[Short descriptive text snippets]
- Opening Delimiter -
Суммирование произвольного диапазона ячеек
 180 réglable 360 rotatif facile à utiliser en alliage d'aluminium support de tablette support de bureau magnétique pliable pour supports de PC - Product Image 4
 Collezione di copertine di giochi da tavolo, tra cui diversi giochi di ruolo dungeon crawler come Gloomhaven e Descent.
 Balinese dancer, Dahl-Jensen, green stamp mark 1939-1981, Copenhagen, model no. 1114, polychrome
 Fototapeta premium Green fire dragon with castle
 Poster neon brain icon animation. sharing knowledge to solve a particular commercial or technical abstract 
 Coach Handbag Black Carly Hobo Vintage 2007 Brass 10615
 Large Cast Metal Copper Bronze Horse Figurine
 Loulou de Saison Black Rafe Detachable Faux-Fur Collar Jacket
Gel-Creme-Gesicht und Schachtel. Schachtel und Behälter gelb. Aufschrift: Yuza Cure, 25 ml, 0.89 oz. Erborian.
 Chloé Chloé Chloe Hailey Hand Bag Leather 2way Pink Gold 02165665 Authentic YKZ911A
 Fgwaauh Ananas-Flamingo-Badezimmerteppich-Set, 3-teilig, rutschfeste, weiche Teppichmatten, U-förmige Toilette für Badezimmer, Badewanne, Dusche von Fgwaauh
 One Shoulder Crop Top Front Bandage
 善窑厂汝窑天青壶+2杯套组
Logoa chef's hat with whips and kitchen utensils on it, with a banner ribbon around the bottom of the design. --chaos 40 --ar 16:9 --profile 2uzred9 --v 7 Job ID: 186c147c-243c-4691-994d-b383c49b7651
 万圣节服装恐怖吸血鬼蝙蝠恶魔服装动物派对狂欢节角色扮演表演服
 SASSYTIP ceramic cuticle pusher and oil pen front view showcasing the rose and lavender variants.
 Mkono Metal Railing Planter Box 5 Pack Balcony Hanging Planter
- Closing Delimiter -
### REQUIRED ACTION
All of the data above must be set down again exactly.

### EXPECTED OUTPUT
Суммирование произвольного диапазона ячеек
 180 réglable 360 rotatif facile à utiliser en alliage d'aluminium support de tablette support de bureau magnétique pliable pour supports de PC - Product Image 4
 Collezione di copertine di giochi da tavolo, tra cui diversi giochi di ruolo dungeon crawler come Gloomhaven e Descent.
 Balinese dancer, Dahl-Jensen, green stamp mark 1939-1981, Copenhagen, model no. 1114, polychrome
 Fototapeta premium Green fire dragon with castle
 Poster neon brain icon animation. sharing knowledge to solve a particular commercial or technical abstract 
 Coach Handbag Black Carly Hobo Vintage 2007 Brass 10615
 Large Cast Metal Copper Bronze Horse Figurine
 Loulou de Saison Black Rafe Detachable Faux-Fur Collar Jacket
Gel-Creme-Gesicht und Schachtel. Schachtel und Behälter gelb. Aufschrift: Yuza Cure, 25 ml, 0.89 oz. Erborian.
 Chloé Chloé Chloe Hailey Hand Bag Leather 2way Pink Gold 02165665 Authentic YKZ911A
 Fgwaauh Ananas-Flamingo-Badezimmerteppich-Set, 3-teilig, rutschfeste, weiche Teppichmatten, U-förmige Toilette für Badezimmer, Badewanne, Dusche von Fgwaauh
 One Shoulder Crop Top Front Bandage
 善窑厂汝窑天青壶+2杯套组
Logoa chef's hat with whips and kitchen utensils on it, with a banner ribbon around the bottom of the design. --chaos 40 --ar 16:9 --profile 2uzred9 --v 7 Job ID: 186c147c-243c-4691-994d-b383c49b7651
 万圣节服装恐怖吸血鬼蝙蝠恶魔服装动物派对狂欢节角色扮演表演服
 SASSYTIP ceramic cuticle pusher and oil pen front view showcasing the rose and lavender variants.
 Mkono Metal Railing Planter Box 5 Pack Balcony Hanging Planter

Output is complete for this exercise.